Friday, March 28, 2008

that little voice in me


I have spent the last two days at the Society for Behavioral Medicine annual conference. These conferences often serve several purposes for me. I often get fired up, ready to finally write that review paper I have put on the back burner, ready to network, ready to dive into various research endeavors. But attending a conference often leaves me feeling inadequate as well (a theme in this blog?). Powerpoint presentation after Powerpoint presentation, p-value after p-value, I sit in an overly air-conditioned conference room pondering my place in this massive field. But today I had an important and meaningful revelation.

More than in previous years, the conference has gone back to talking about the individual. In recent years, it has most certainly become the trend to focus research and intervention efforts at the population level. This is definitely where I think the biggest impact can be made and this is why I have decided to pursue the Master's in Public Health. But it was quite clear to me that there was a small but detectable shift back towards talking about the individual this year. Not only that but (gasp!), the role of the clinician.

One talk that moved me in particular--a keynote address this afternoon--discussed ways to help folks dealing with a devastating diagnosis. It was during these various talks that I realized that I really love clinical work. I even got choked up a bit thinking about some of the patients I have gotten to know so intimately over the years, several of whom have been dealing with their own diagnosis or that of a loved one. It made me realize what a blessed experience it is to get to sit in a room with someone for an hour and try everything you can to make a difference in this one person's life.
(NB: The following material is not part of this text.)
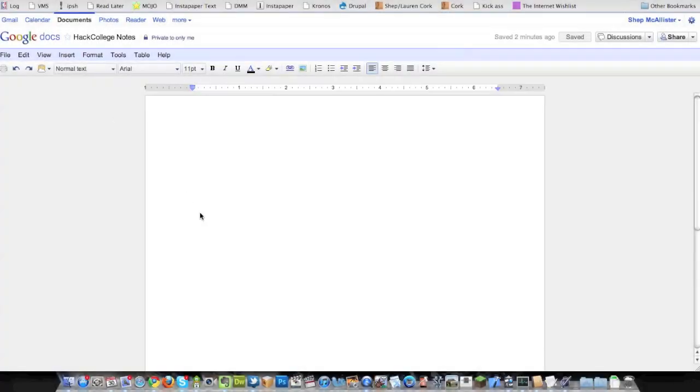Hey guys, this is Shep. I'm going to do a little demo of distributed note-taking for you guys.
Coincidentally (?), I then attended a talk where a graduate of my program discussed her very difficult and unsupported decision to switch from academia to a more clinical career.

I don't know what I will do with all of this information. This certainly isn't the first time that I have had this revelation. And it probably won't be the last. But perhaps the latest revelation will serve as a comfort to me. If this whole research thing doesn't work out for me, I actually really love clinical work. It brings me a heck of a lot more daily joy than writing a research paper ever will. Worth noting indeed.

4 comments:

Unknown said...

You have a genuine desire to help those in need....and on a personal level. And that makes you MUCH too valuable for a life in academia and research! :^)

kdh said...

aw thanks love. you might be a bit biased but i certainly think you are onto something. :)

Reverend Bluejeans said...

I saw the best minds of my generation destroyed by research, starving hysterical naked, dragging themselves through the litany of endless information longing for an insightful fix. Health minded hipsters burning for the ancient heavenly connection to the starry academic dynamo in the higher education machinery of the night. Who, with vacant and tattered and hollow eyes, sit up dreaming in the supernatural darkness, floating atop the cities contemplating the self-reports and the outcomes and the variables of data. Who bared their brains to Heaven and saw the angels staggering by in torn robes and battered wings...

kdh said...

reverend bluejeans. you're brilliant.